研究チームは、塩融解電解法で大気中の二酸化炭素を捕集し、陰極上でのグラファイト形成をリアルタイムで観測した。このプロセスは約500°Cで行われる電解還元であり、ラマン分光法により分子結合の振動モードが検出された。

分析では、炭素沈着の初期段階で過酸化物型の中間生成物のスペクトル信号が観測され、この中間生成物が継続的に増加することから、CO2→グラファイト経路の機械的中間体であることが示された。異なる陰極材料を用いた結果、炭素構造は変化した。
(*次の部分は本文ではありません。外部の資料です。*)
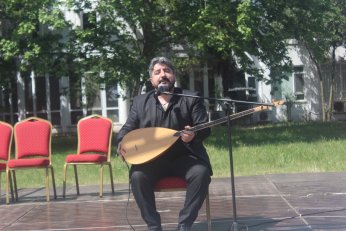 Festivalde ders. Derste festival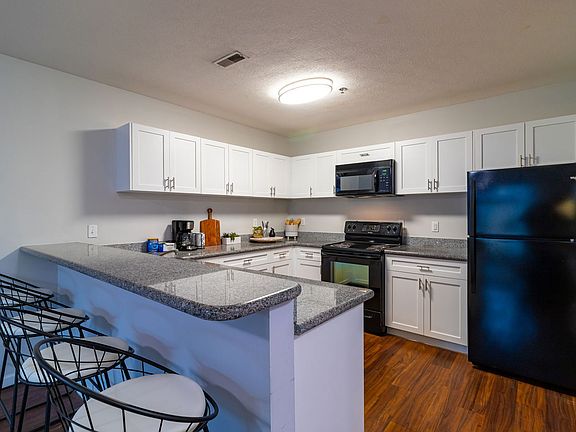 5th image of 263 E 12th Ave #309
ニッケル陰極ではナノ粒子とプレートレット様の粒子が、ニッケル‑クロム合金では主にプレートレットが、金陰極ではアモルファスな塊が、タングステン陰極ではアモルファス炭素とともに炭素ナノオニオンが生成された。

この多様性は、目的とする炭素形態に合わせてプロセスを調整できることを示す。例えば電池の陽極に必要なグラファイト構造は、特定の陰極選択で得られる。しかし、プロセスは高温と特殊な塩を必要とするため、産業規模での適用が制限される。低温かつ安価な塩で動作可能なシステムの開発が、負のCO2当量を実現するための優先的研究課題となっている。